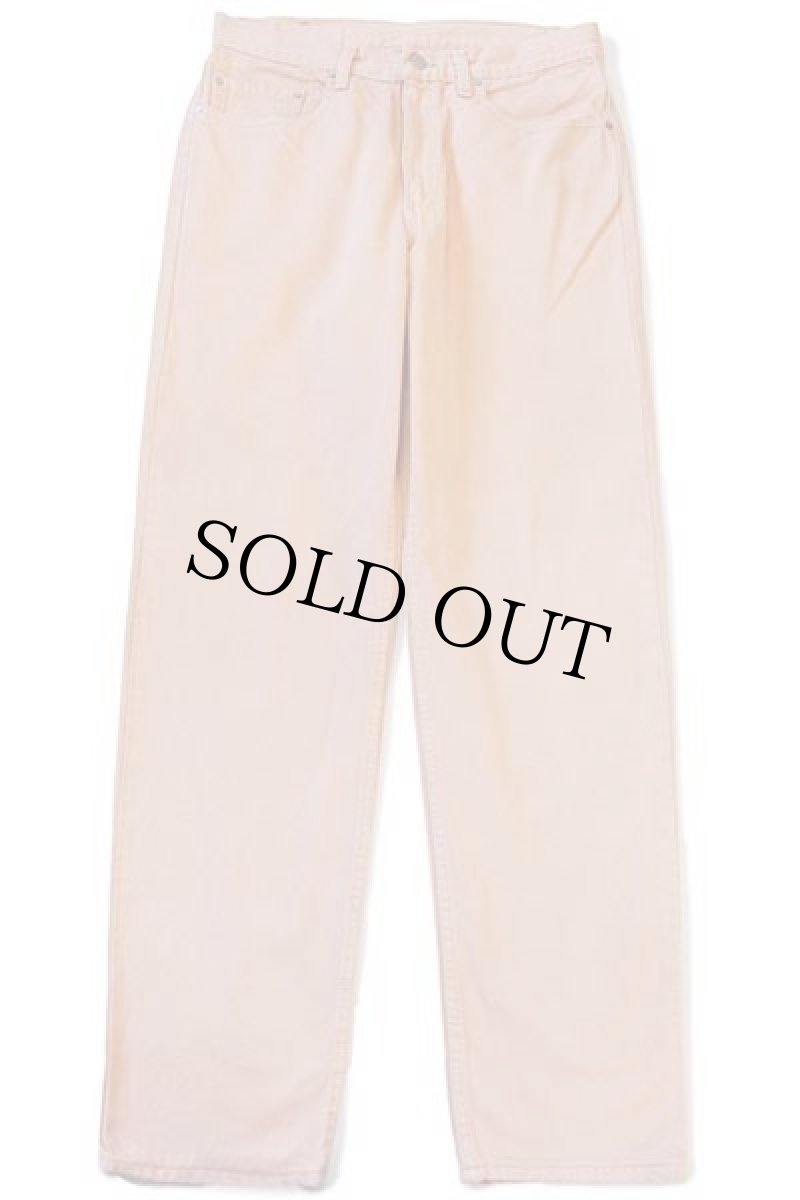 画像2: 00s USA製 Levi'sリーバイス 550 カラーデニムパンツ 後染め サーモンピンク w34 L34 (2)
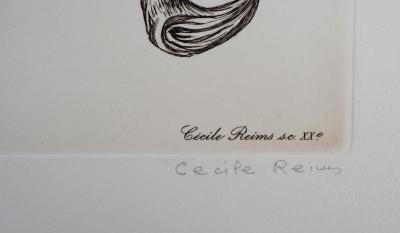 Cécile REIMS : Floraison - Gravure originale signée 2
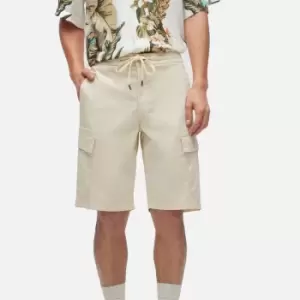 Image of BOSS Orange Sisla Cotton-Blend Twill Cargo Shorts - L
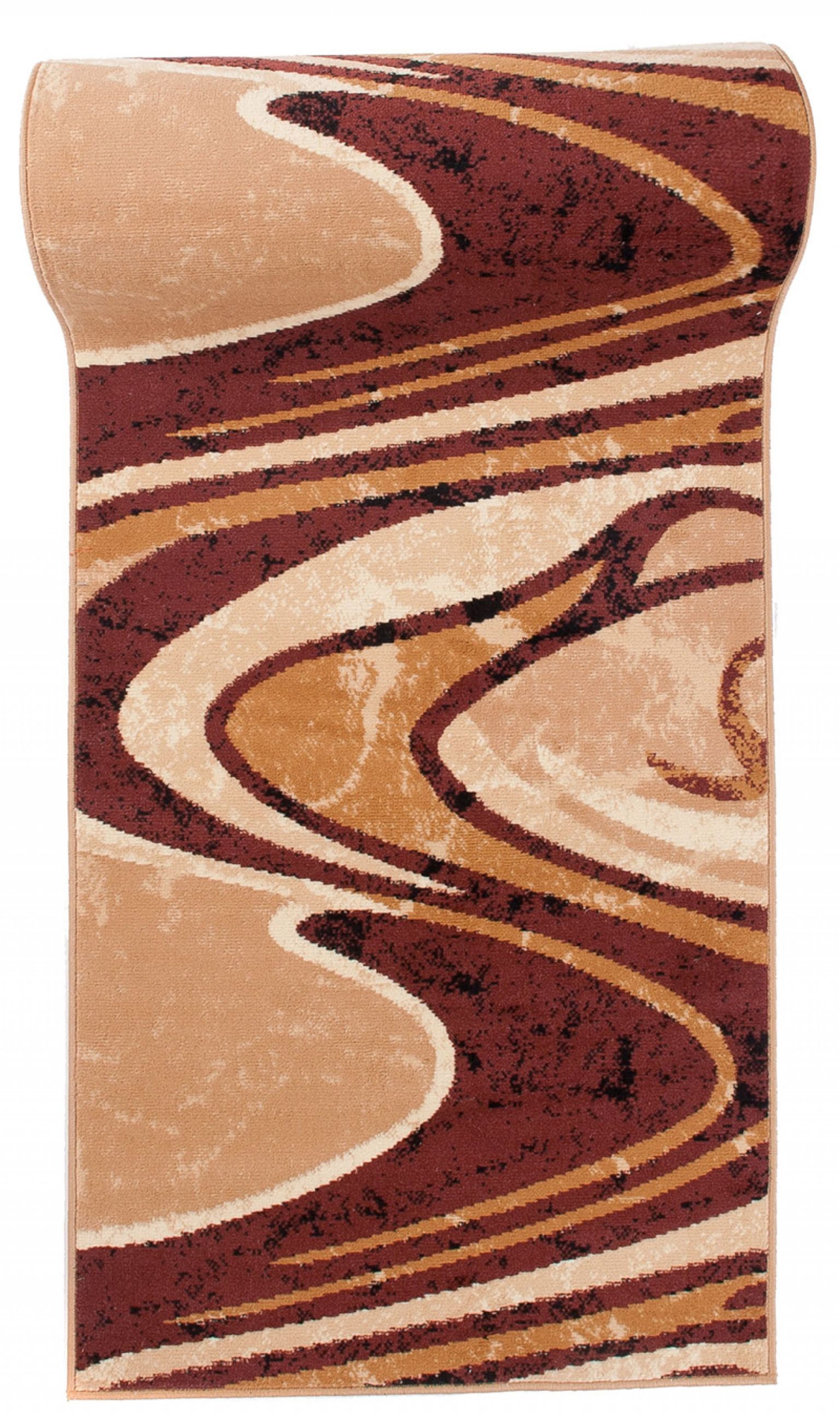 tapis de couloir Au mètre Dream 2640C marron - géométrique, marron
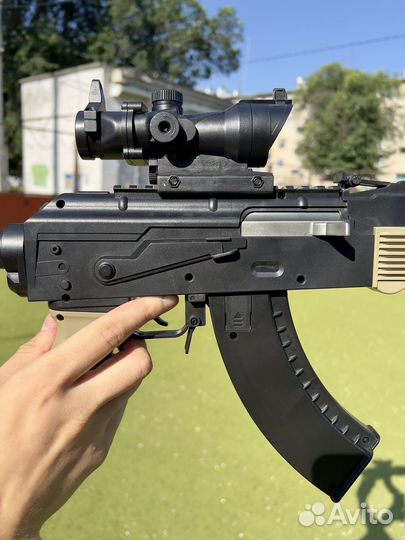 Автомат ак-74 орбизный + двигающийся затвор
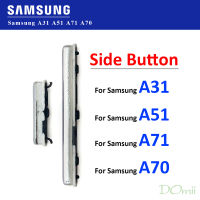 สำหรับ Samsung A31 A315F A51 A515F A70 A705F A71 A715F ปุ่ม + ปุ่มปรับระดับเสียงเปลี่ยนชิ้นส่วน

## PROBLEM DETAILS:
Whenever a picture appears, leave it out, and return every record exactly.

## ANSWER SECTION:
 画像2: 00s USA製 Levi'sリーバイス 550 カラーデニムパンツ 後染め サーモンピンク w34 L34 (2)
 Cécile REIMS : Floraison - Gravure originale signée 2
 Image of BOSS Orange Sisla Cotton-Blend Twill Cargo Shorts - L
 tapis de couloir Au mètre Dream 2640C marron - géométrique, marron
 Автомат ак-74 орбизный + двигающийся затвор
 สำหรับ Samsung A31 A315F A51 A515F A70 A705F A71 A715F ปุ่ม + ปุ่มปรับระดับเสียงเปลี่ยนชิ้นส่วน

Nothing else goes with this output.